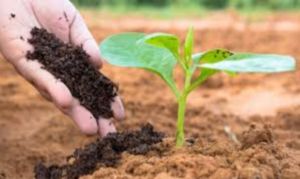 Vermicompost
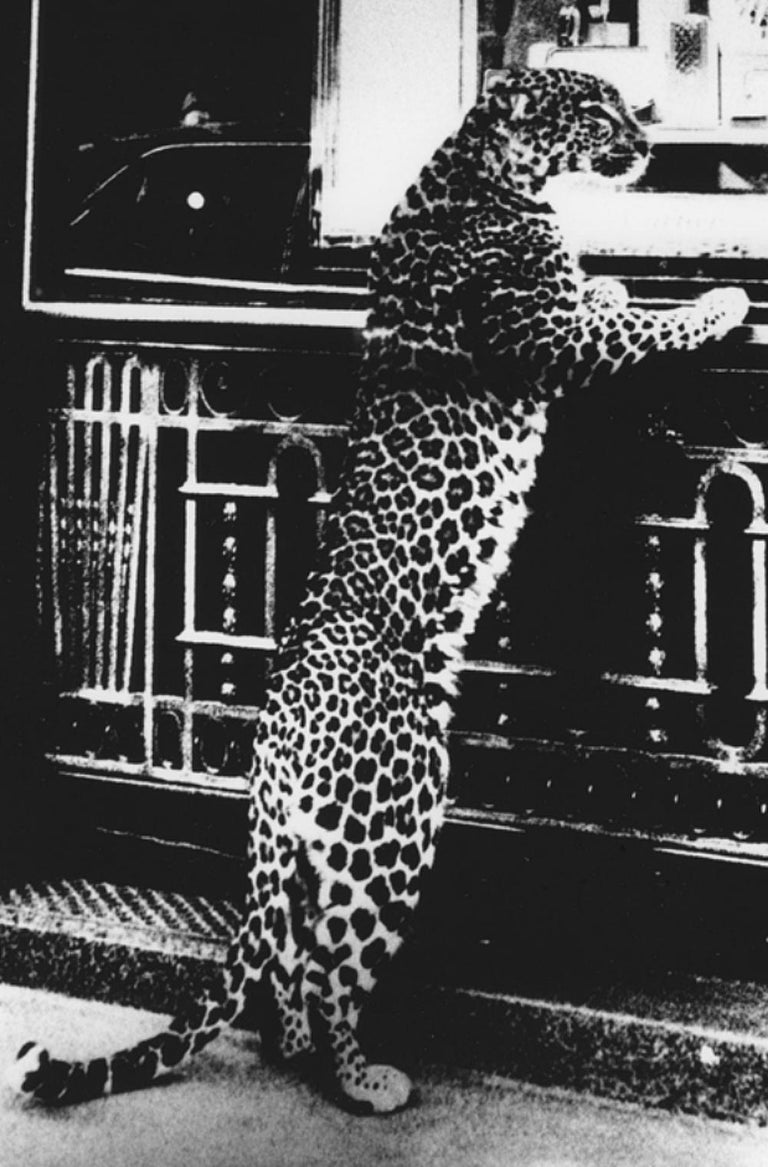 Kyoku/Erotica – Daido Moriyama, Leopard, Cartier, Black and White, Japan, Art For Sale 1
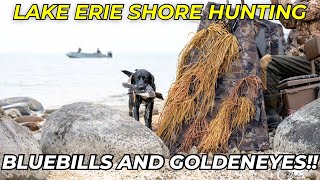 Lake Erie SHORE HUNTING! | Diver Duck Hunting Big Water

....

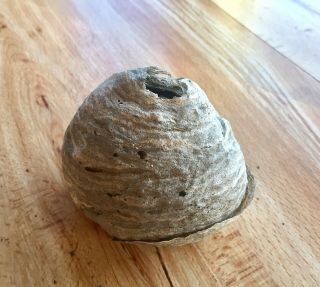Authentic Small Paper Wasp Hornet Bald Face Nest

....

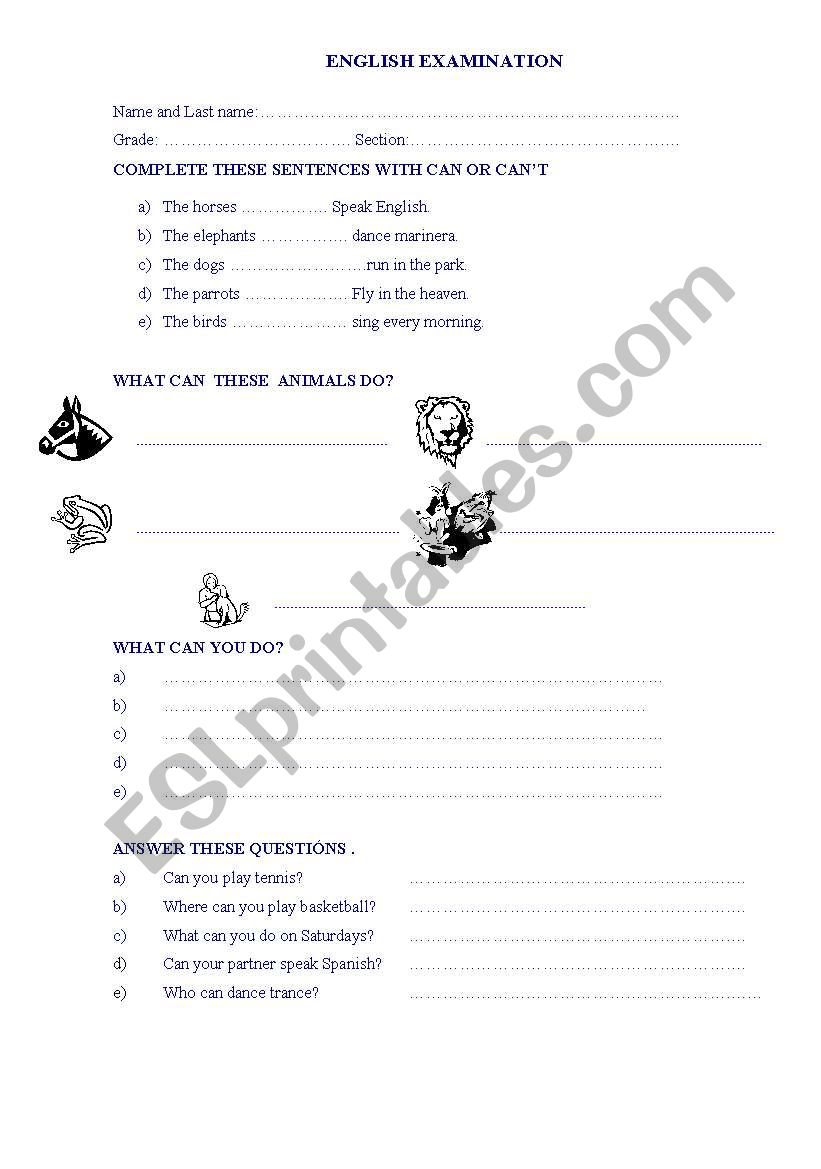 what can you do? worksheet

....

__Work order__. Once the line with "Vermicompost" is found in the data above, reproduce it and each line after it exactly, through the line with "Lake Erie SHORE". Omit the pictures.

__Worked solution__.
 Vermicompost
 Kyoku/Erotica – Daido Moriyama, Leopard, Cartier, Black and White, Japan, Art For Sale 1
 Lake Erie SHORE HUNTING! | Diver Duck Hunting Big Water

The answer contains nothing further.